Evaluate:
$$\int_{-\infty}^{\infty} \frac{\log(1+x^2) dx}{1+x^2}$$
Using complex analysis, contour integration.
This function has no poles at all.
Try the contour $C$
Obviously,
$$\oint_{C} f(z) dz = 0$$
$$\oint_{C} f(z) dz = \int_{A} f(z) dz + \int_{-R}^{R} f(x) dx$$
$$\int_{-R}^{R} f(x) dx = -\int_{A} f(z) dz$$
Along the semi circle $A$ contour-part the parametrization is:
$$z = Re^{i\theta}$$
$$\int_{A} f(z) dz = \int_{0}^{\pi} (iRe^{i\theta})\cdot \frac{\log(Re^{i\theta} + i) + \log(Re^{i\theta} - i)}{(Re^{i\theta} + i)(Re^{i\theta} - i)} d\theta$$
$$\int_{-R}^{R} f(x) dx = (-)\cdot\int_{0}^{\pi} (iRe^{i\theta})\cdot \frac{\log(Re^{i\theta} + i) + \log(Re^{i\theta} - i)}{(Re^{i\theta} + i)(Re^{i\theta} - i)} d\theta$$
$$\int_{-\infty}^{\infty} f(x) dx = (-)\cdot \lim_{R \to \infty} \int_{0}^{\pi} (iRe^{i\theta})\cdot \frac{\log(Re^{i\theta} + i) + \log(Re^{i\theta} - i)}{(Re^{i\theta} + i)(Re^{i\theta} - i)} d\theta$$
Lets say we can apply the dominated convergence theorem.

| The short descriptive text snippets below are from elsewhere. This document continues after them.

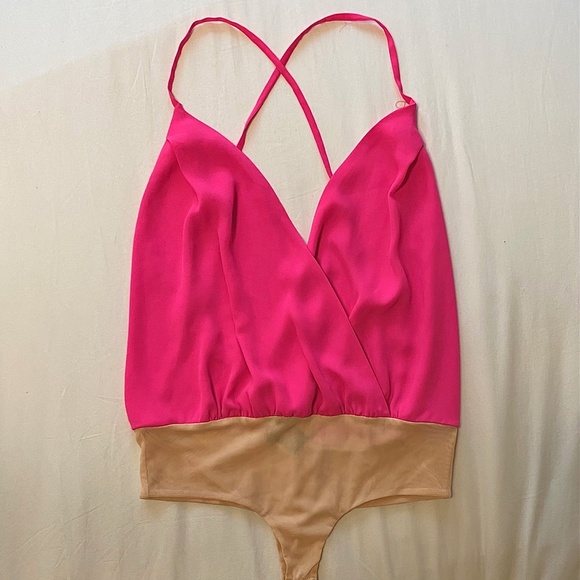 LuLus - SEXY Backless Neon Pink Bodysuit - S - Picture 4 of 14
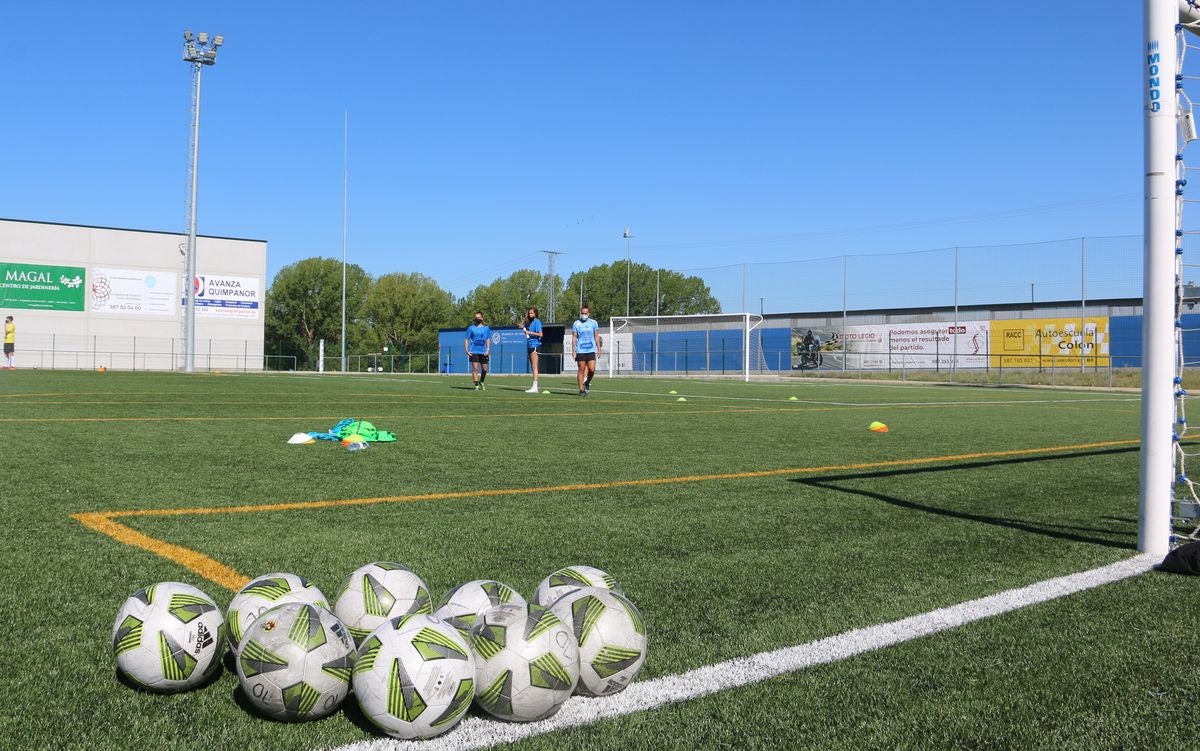 El Campus Diego Calzado organizó una jornada de tecnificación con jugadoras profesionales de fútbol femenino.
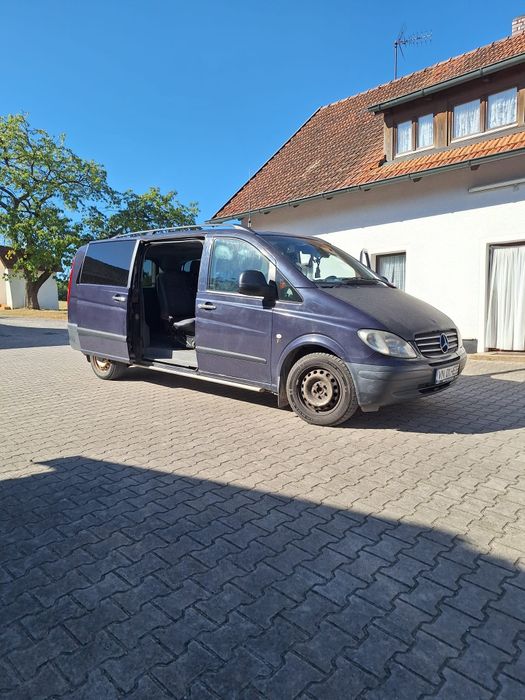 Vând Mercedes vito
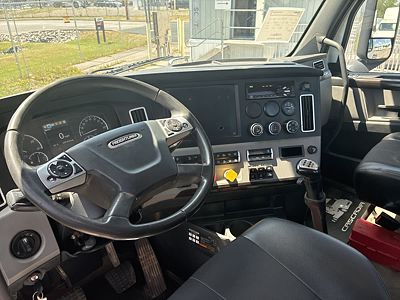2019 Freightliner NEW CASCADIA PX12664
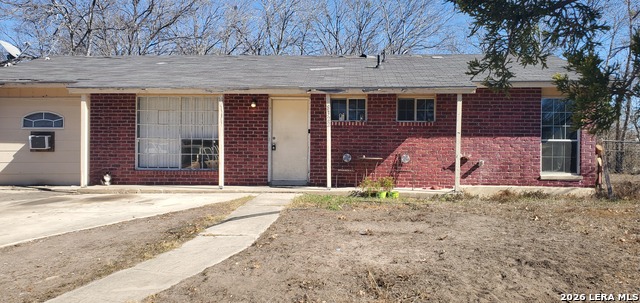 Image 8 of 8 For 8322 Charger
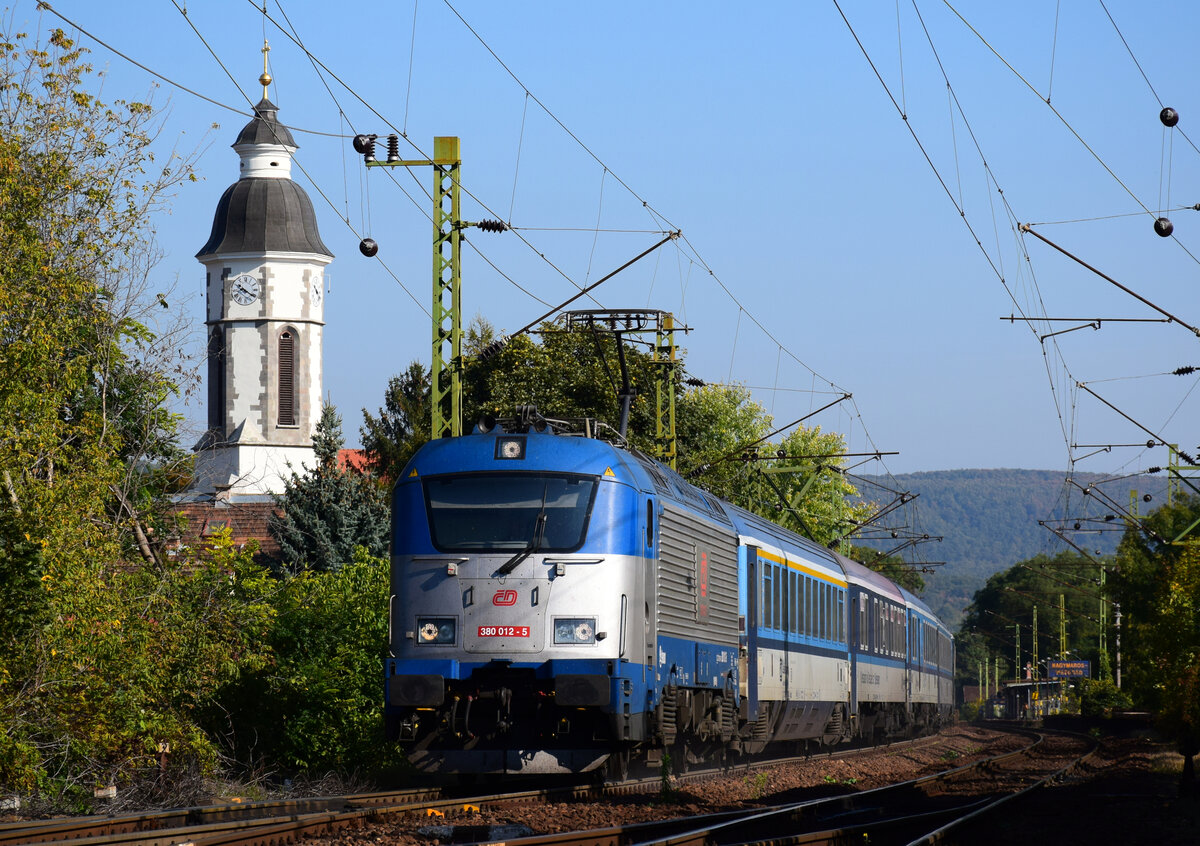 Die 380 012 mit dem EC 278 (Budapest Nyugati - Praha hl.n.) bei der Durchfahrt in Nagymaros.
02.10.2021.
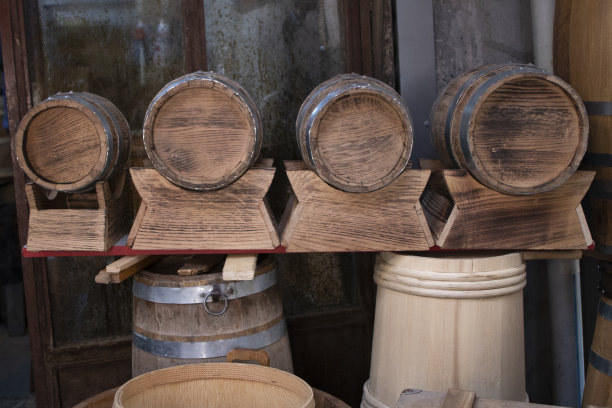 酒桶和啤酒桶水平和垂直放置。有人在商店前面拍了一张照片。暗棕色。图片下载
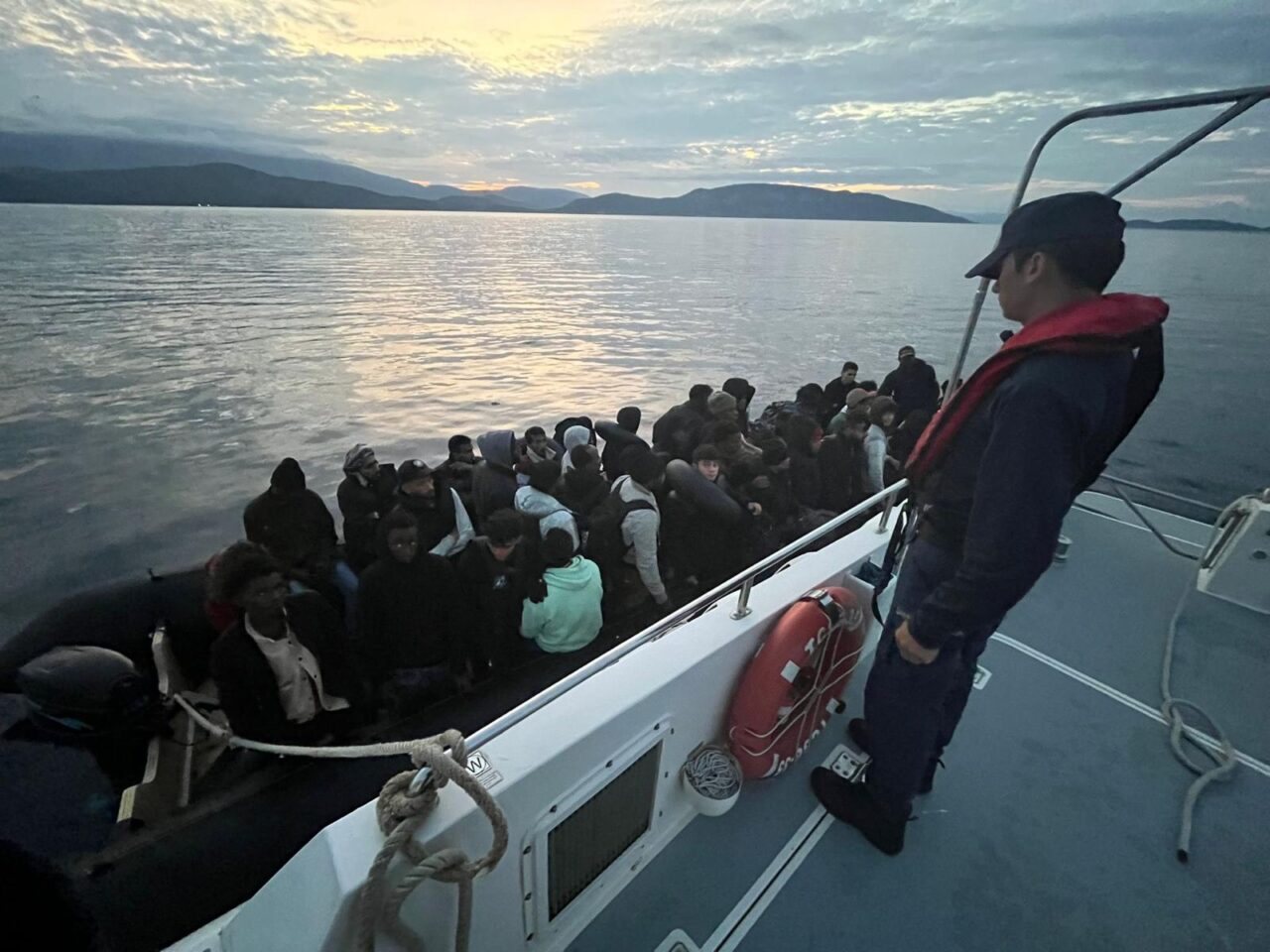 İzmir'in Karaburun ilçesi açıklarında motor arızası nedeniyle sürüklenen lastik bottaki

We can then take the limit INSIDE the integral on the RHS. The problem becomes:
$$\int_{-\infty}^{\infty} f(x) dx = (-i)\cdot \int_{0}^{\pi} \lim_{R \to \infty} (Re^{i\theta})\cdot \frac{\log(Re^{i\theta} + i) + \log(Re^{i\theta} - i)}{(Re^{i\theta} + i)(Re^{i\theta} - i)} d\theta$$
Wolframalpha returns it as $0$ which is wrong. What is the issue? The answer is:
$$I = -\pi\log(\sqrt{2})$$
Please tell me what is wrong with this, do not suggest something else until the end. Thank you!